At last M.D.’s have found a way
To ease all men of ailing;
A tooth extracted is child’s play
While ether they’re inhaling
Bell’s Life in Sydney and Sporting Reviewer, 26 June 1847, p. 2
On 2 August 1847, David John Thomas performed the first operation under ether in Melbourne, then in the Port Phillip District of the Colony of New South Wales. The earliest documented cases of etherisation for surgery and dentistry in the Australian colonies had occurred two months earlier—on 7 June 1847—in both Sydney, New South Wales, and Launceston, Van Diemen’s Land (Tasmania). On 7 September 1847, Thomas read a paper on etherisation at a meeting of the Port Phillip Medical Association—it is the earliest known presentation of a paper on etherisation in Australia.1,2 Thomas’ observations were based on published accounts that he had read over a period of about three months, and his clinical experience which was limited to a five-week period preceding his talk.

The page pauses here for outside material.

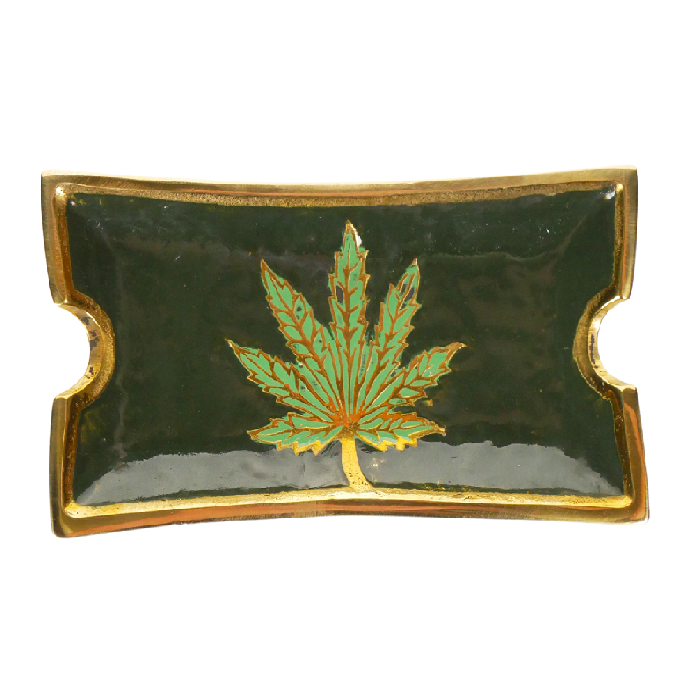 Agung Brass Leaf Rectangle Ashtray – Small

Thomas’ paper was submitted to the editor of the Australian Medical Journal and published in part in the October 1847 issue of the journal. 1 The original manuscript was ‘rediscovered’ in 1931 and a full transcript was published in The Melbourne Hospital Clinical Reports in December 1933. 2 The extant manuscript has, nevertheless, remained unknown to nearly all anaesthetists and anaesthesia historians throughout the 20th century and the first two decades of the 21st century.

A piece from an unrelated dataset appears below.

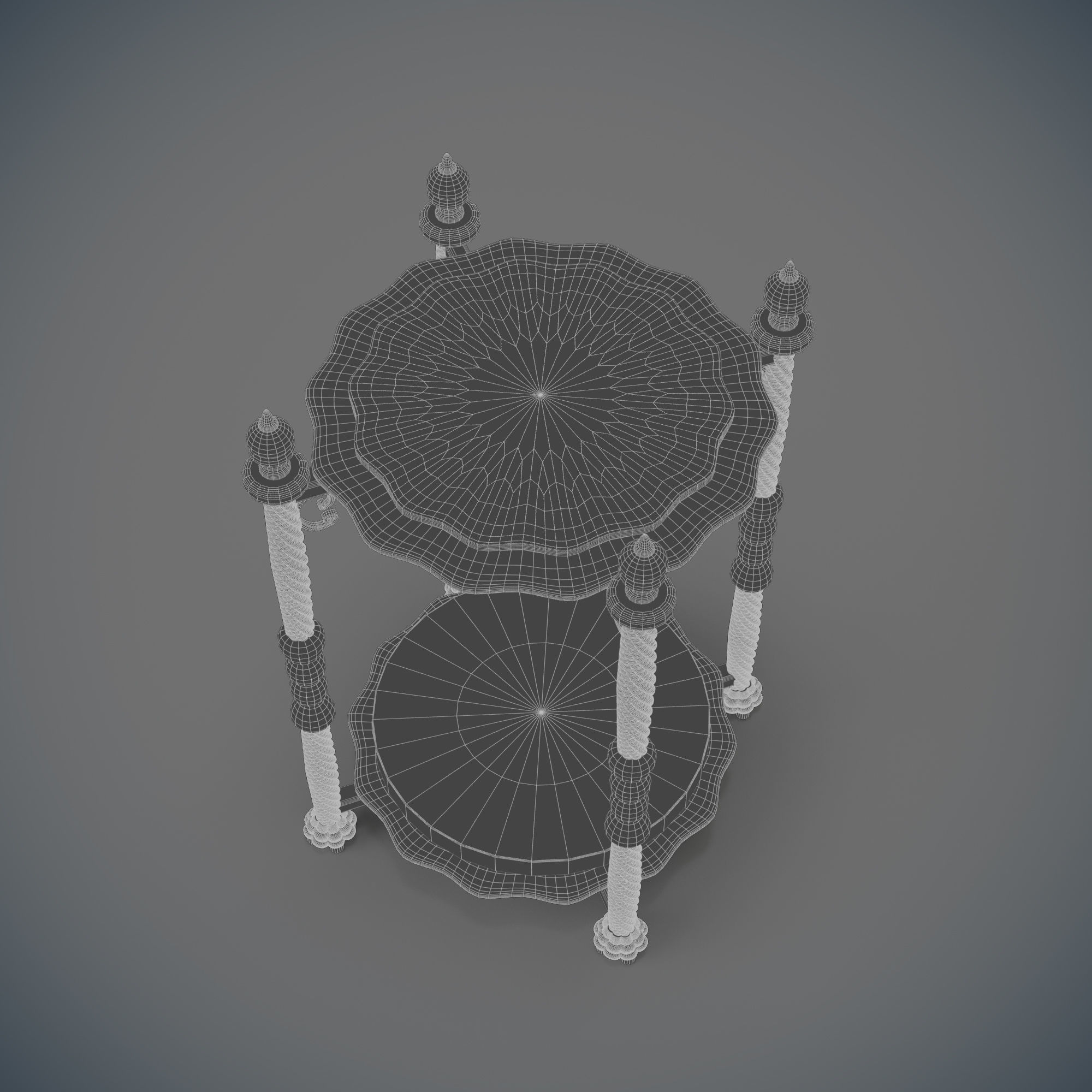 TableForCandles side table with marble top 3D model_4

This article is an account of Thomas’ patient, James Egan, and the first operation under ether in Melbourne. Thomas’ paper on etherisation is discussed separately. 3 The author will be publishing a new transcript of Thomas’ manuscript in a monograph, Paper Trails: History and Transcript of the First Australian Paper on Ether Anaesthesia. Text quoted from Thomas’ manuscript is cited with reference to the page number of the manuscript (e.g. transcript p. x).
Dr David John Thomas
David John Thomas (Figure 1) was born in Glanyrwyth (Glanrwyth), a hamlet near the town of Llandeilo, Carmarthenshire, Wales, on 12 September 1813. (This information was recorded on a typewritten transcript of the entries in the Thomas family bible. The transcript was found in a collection of notes made by David M. O’Sullivan for his biography of Thomas; the notes are now held in the AMA Archive, Medical History Museum, The University of Melbourne.) Historians and biographers have reported his place of birth as Llwynyberllan4–6 or ‘near Llangadock’ (Llangadog) 7 or that his father was from Llwynyberllan.8–10 He was baptised on 5 October 1813, in Llandilo Fawr. By 1819, the family had moved to Llwynyberllan where Thomas’ five youngest siblings were born between 1819 and 1825.

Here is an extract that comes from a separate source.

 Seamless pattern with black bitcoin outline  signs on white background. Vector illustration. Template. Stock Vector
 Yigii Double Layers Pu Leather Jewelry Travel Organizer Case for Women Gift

David John Thomas (1813–1871). Image courtesy of The Royal Melbourne Hospital, Melbourne, Vic.
In July 1837, Thomas became a Licentiate of the Society of Apothecaries (LSA). The Apothecaries’ Hall record of his licentiate indicates that he had completed a five-year apprenticeship with Mr Thomas Brookman Powell, apothecary, Swansea Infirmary, as well as attendance at the prescribed courses of lectures and a 12-month attendance at North London Hospital. Thomas became a Member of the Royal College of Surgeons of England (MRCS) in 1838. Towards the end of the year, he accepted a position as a ship’s surgeon on the barque Louisa Campbell for a trip to Van Diemen’s Land (the colony was renamed Tasmania in December 1855).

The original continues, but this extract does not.